Aujourd’hui ce corps n’entrave plus vos mouvements.
Aujourd’hui vous êtes à nouveau libre.
Si nous pouvions vous entendre, je pense, j’ai la prétention de croire que vous nous diriez ceci :
« Je ne suis plus là. J’ai choisi de partir, J’ai choisi de retrouver ma liberté chérie.
J’ai encore tellement de choses à faire et à voir. Je suis tellement vivant. Ce corps était devenu trop lourd, trop entravant.
Ne pleurez pas en pensant à moi, soyez reconnaissants pour les belles années partagées.
Je vous ai donné mon amitié, je vous ai donné mon amour, parfois mes colères et ma dureté.
Mais je vous ai toujours donné le meilleur de moi.
Quant à vous… Pouvez vous seulement deviner le bonheur que vous m’avez apporté ?
Je vous remercie pour l’amour , l’amitié, la fidélité que chacun m’a démontré,
Maintenant, il est temps pour vous et pour moi de voyager seul.

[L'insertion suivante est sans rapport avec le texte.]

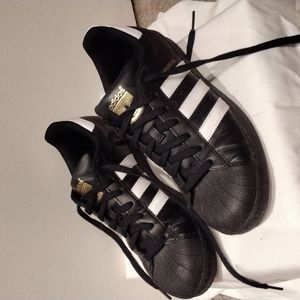 Adidas Superstar Shell toe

Pour un court instant, vous pouvez avoir de la peine.
La confiance dans la vie vous apportera le réconfort.
Moi, c’est ce qui m’a toujours sauvé : la confiance en la vie !!!
Nous serons séparés pour quelque temps.
Laissez les souvenirs apaiser votre douleur.
Je ne suis pas loin et la vie continue, peu importe nos croyances.
La réalité absolue c’est que la vie continue au delà de ce corps.
Si vous avez besoin, appelez – moi et je viendrai,
Même si vous ne pouvez pas me voir et me toucher,
Je serai là et si vous écoutez votre cœur, vous éprouverez clairement la douceur de ma présence et de l’amour que j’apporterai.
Et quand, un jour, il sera temps pour vous de partir,
Je serai là pour vous accueillir.
Absent de mon corps, présent avec vous et dans l’éternité de la vie
N’allez pas sur ma tombe pour pleurer, je ne suis pas là, je ne dors pas.
Je suis les mille vents qui soufflent.
Je suis le scintillement des vagues.
Je suis la lumière qui traverse la baie de St. Jean.
Je suis la pluie qui reverdit l’île
Je suis l’éveil des oiseaux dans le calme du matin
Je suis l’étoile dans la nuit.
N’allez pas sur ma tombe pour pleurer, je ne suis pas là.
Je ne suis pas mort, seul mon corps l’est.
Moi, j’ai retrouvé mes ailes et ma liberté.
Ma reconnaissance pour vous est infinie et éternelle.
N’allez pas sur ma tombe pour pleurer, je ne suis pas là.
Je suis le ciel, l’avion qui passe, les rires et la force de vie.
Le gentleman des airs s’en est allé, il m’a bien accompagné.
Aujourd’hui, je suis plus efficace et présent que jamais.
Recevez mon amour, ma gratitude et ma joie de vivre.
Au revoir Rémy et à bientôt !
Une partie de ce texte est inspirée d'une prière amerindienne.